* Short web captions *
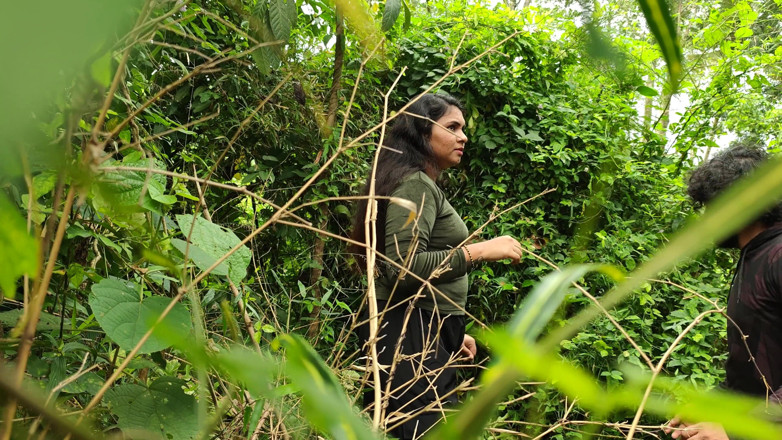 Vaigavarun45: Malayali Couple Hot Outdoor Sex in Forest, Wild Forest Outdoor...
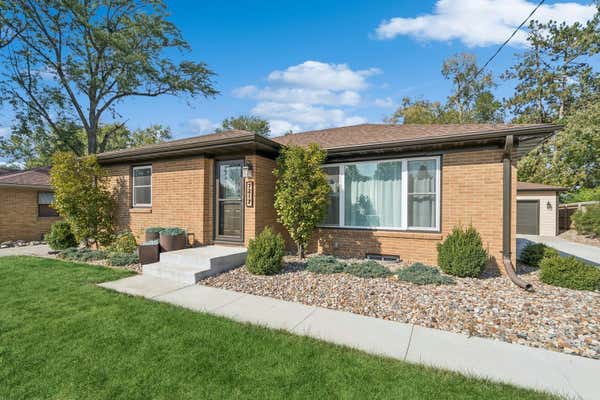 7217 ROSELAND DR, URBANDALE, IA 50322 - Image 1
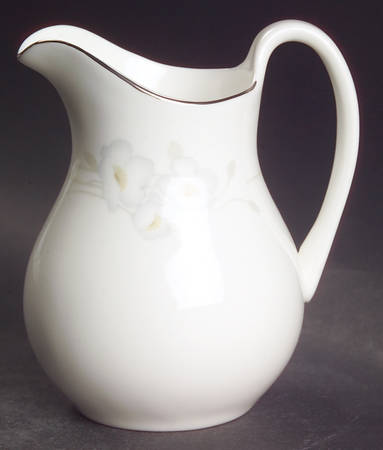 Mystique Creamer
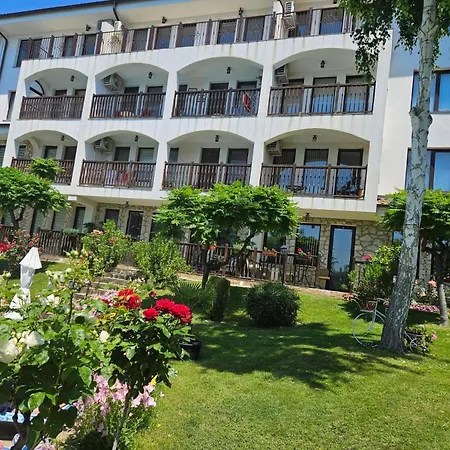 Delfin Sea View Apartament *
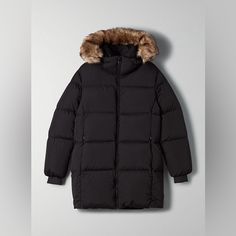 Name Your Price Loved This Coat But Needed A Longer One For The Winter. Selling For That Reason. In Great Condition! Puffer Coat Aritzia, Aritzia Jacket, Aritzia Babaton, The Winter, Puffer, Jackets & Coats, Jackets For Women, Women Shopping, Black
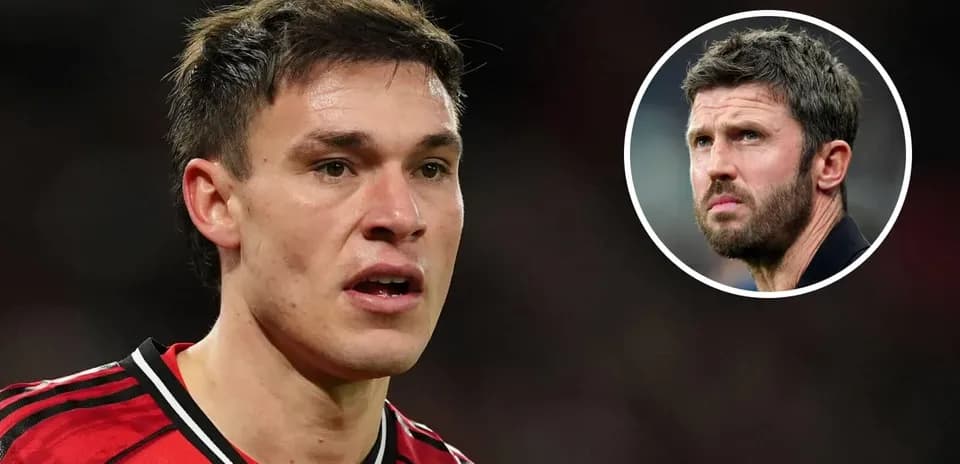 Futbolçu meydanda, köməkçi məşqçi isə çərçivədə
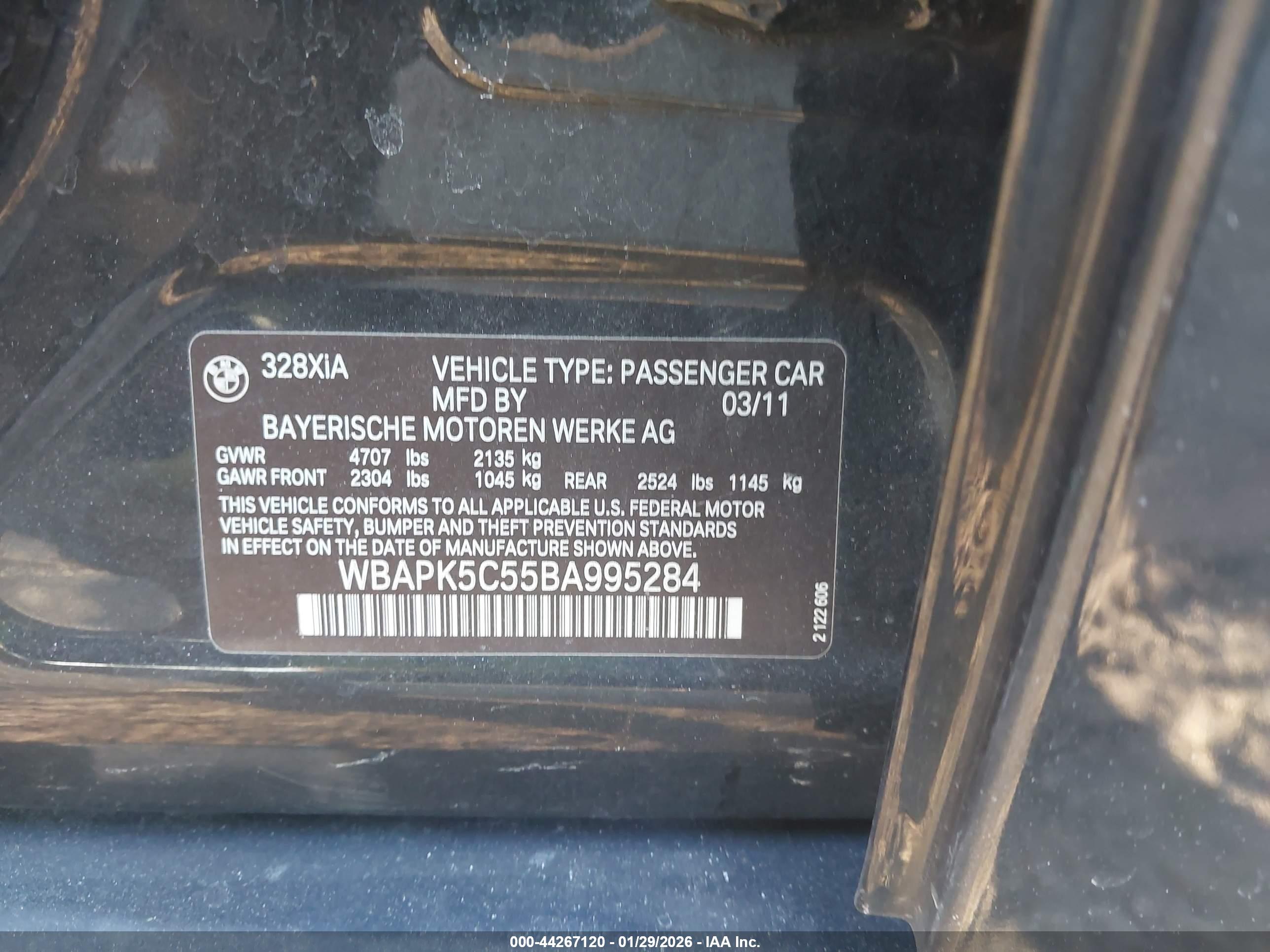 BMW 328I image 9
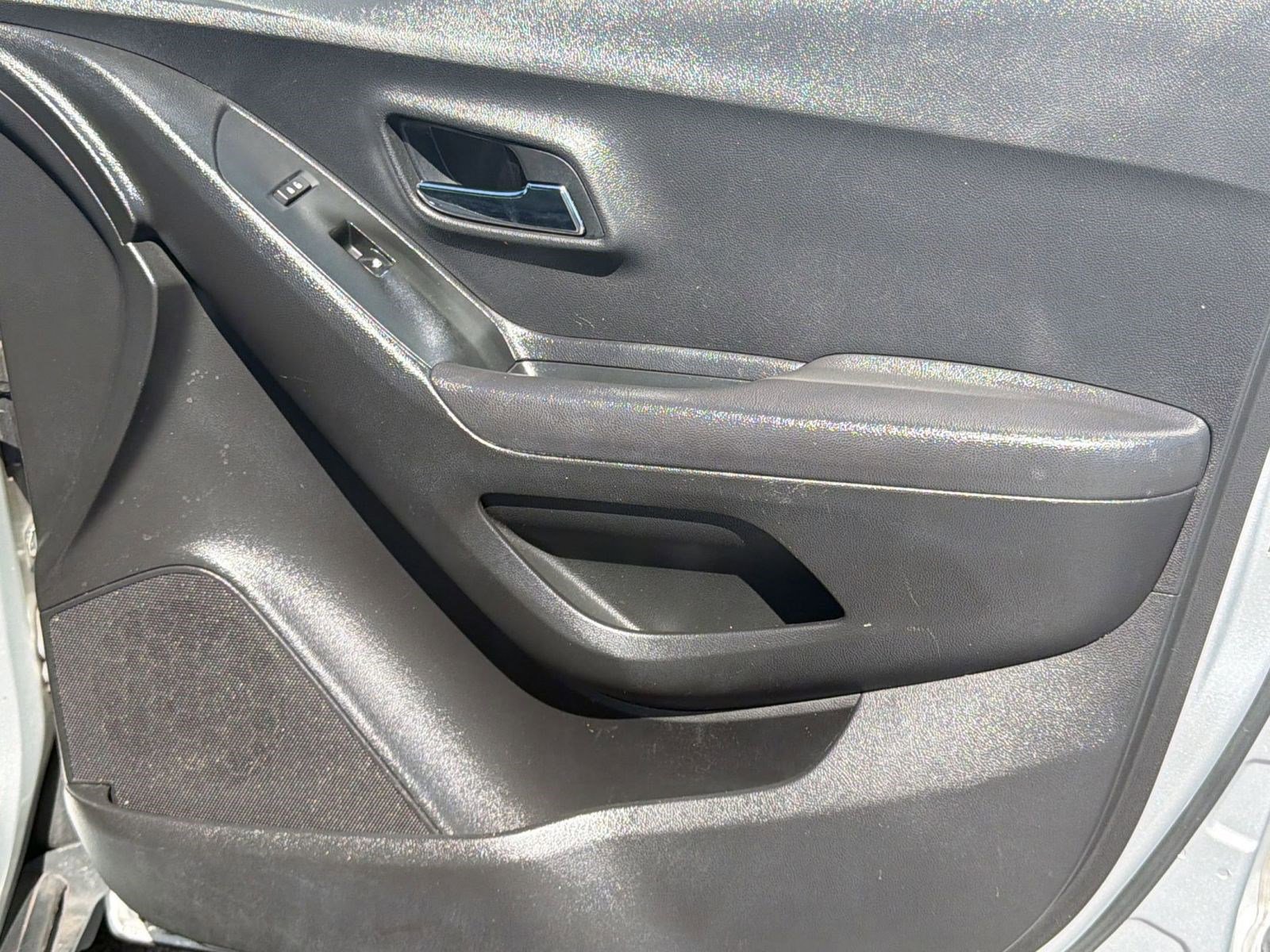 Used 2020 Chevrolet Trax LS w/ Tint and Cruise Package FWD image 33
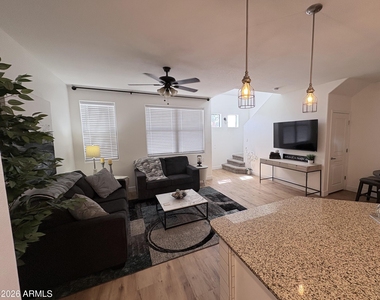 123 N Washington Street - Photo Thumbnail 3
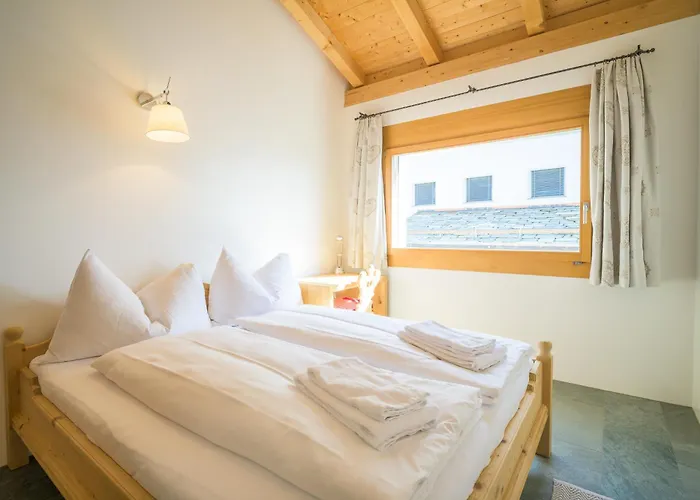 Edelweiss Ferienwohnung, Fluras Alpine Penthouse * Flims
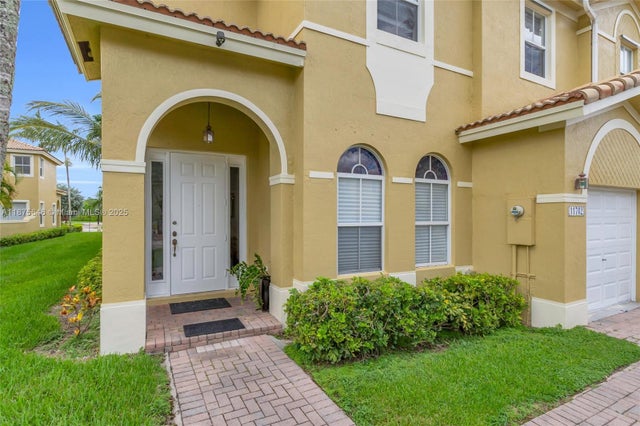 4 of 28 - 11742 Sw 137th Pl, Miami, FL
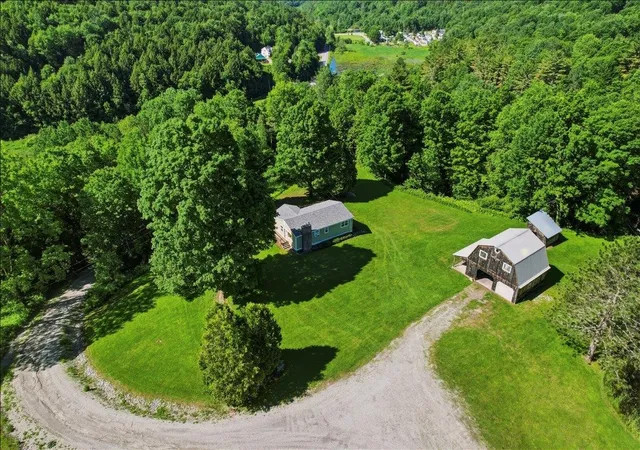 2nd image of 139 Cozzens Rd, Huntington, VT 05462 | MLS# 5096157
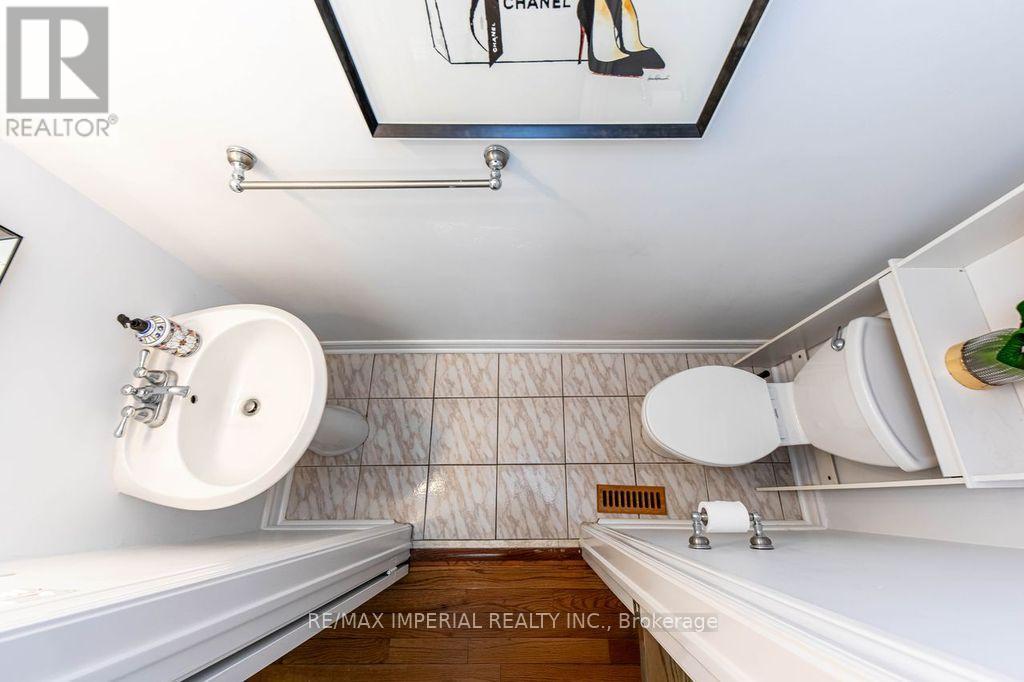 5560 Middlebury Drive, Mississauga, Ontario  L5M 5G8 - Photo 25 - W12449220
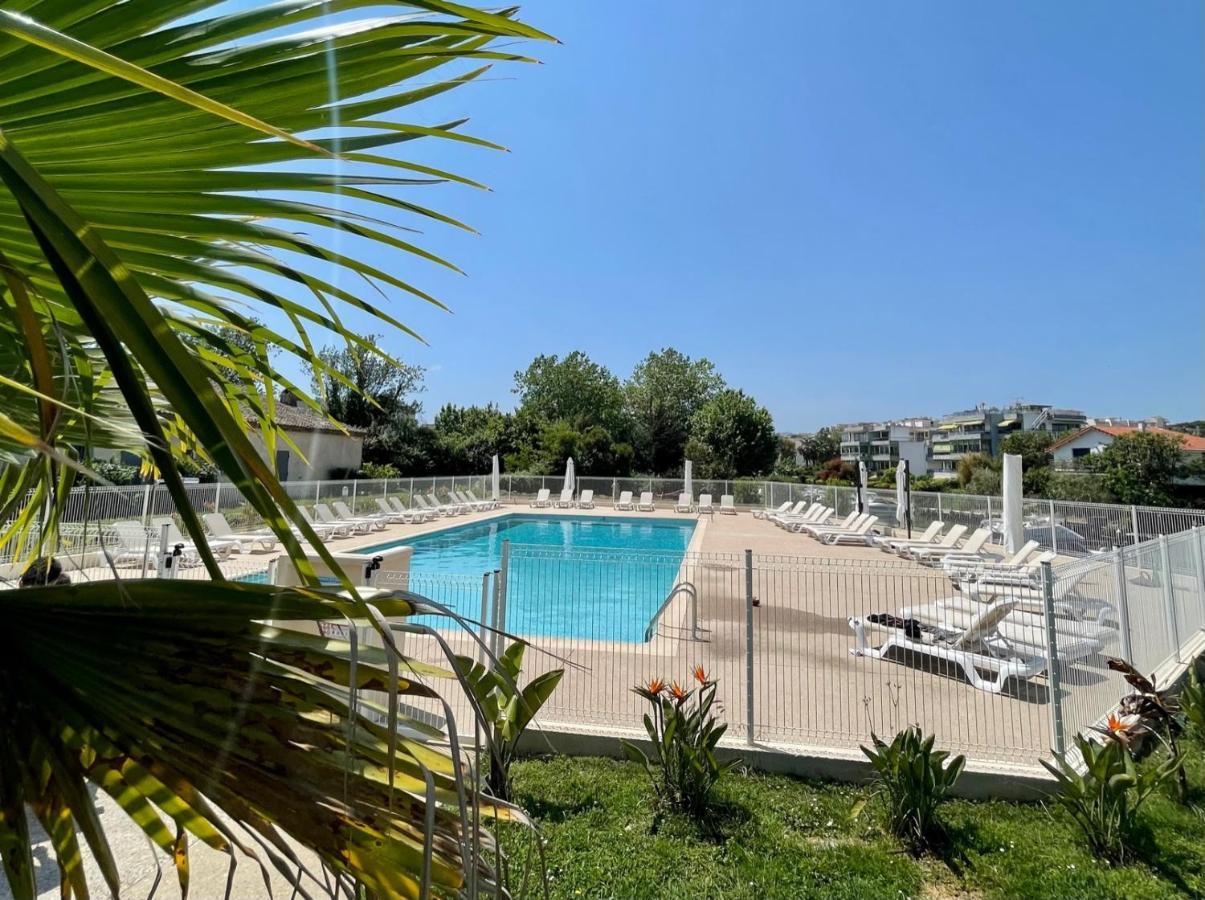 Studio 2 - Les Suites De Robinson - Residence Avec Piscine En Bord De Siagne, A มองเดอลิเยอลานาปูล ภายนอก รูปภาพ
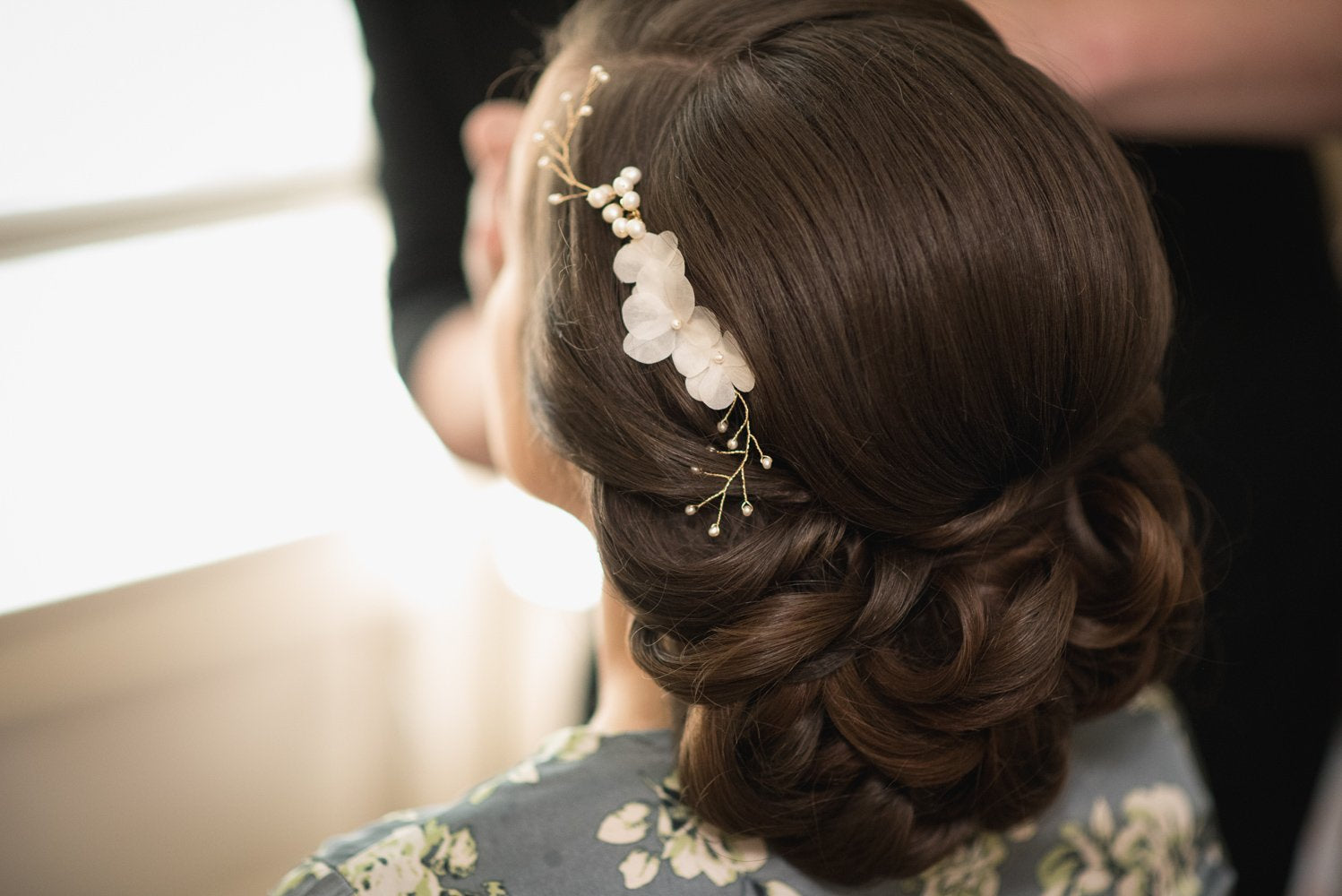 Real Bride | Freshwater Pearl and Silk Flower Hair Comb Helvia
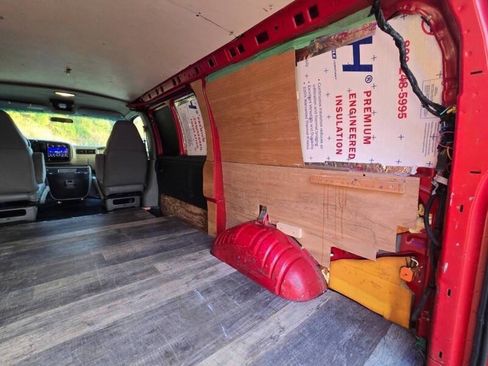 Used 2000 Chevrolet Express 3500 G3500 3dr Cargo Van w/ Convenience Pkg image 21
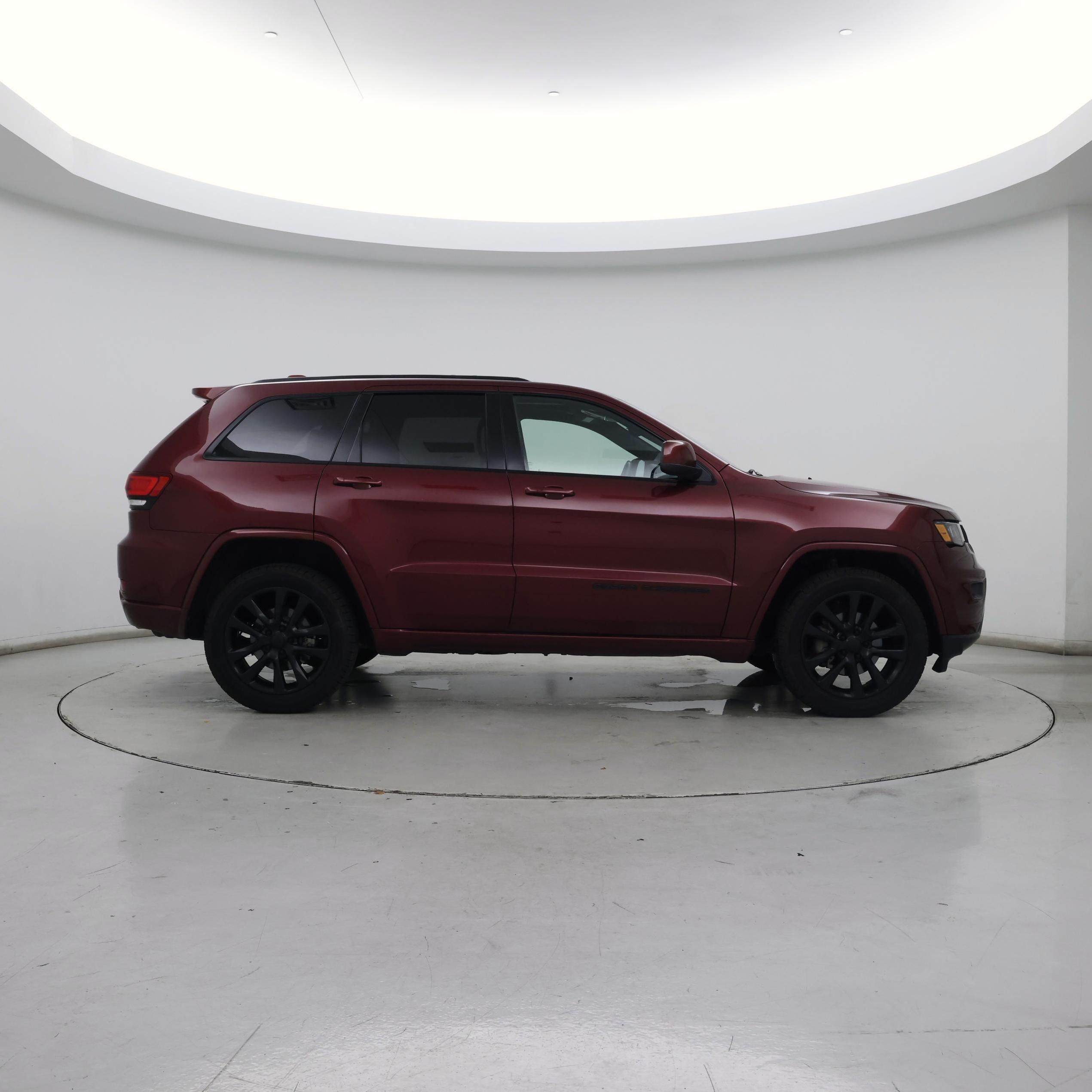 Thumbnail: 2019 Jeep Grand Cherokee - 7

* EXERCISE GOAL *
Leave out every picture, and write out exactly the lines from the one with "Real Bride |" through the end of the records above, both ends included.

* SOLUTION TO THIS TASK *
 Real Bride | Freshwater Pearl and Silk Flower Hair Comb Helvia
 Used 2000 Chevrolet Express 3500 G3500 3dr Cargo Van w/ Convenience Pkg image 21
 Thumbnail: 2019 Jeep Grand Cherokee - 7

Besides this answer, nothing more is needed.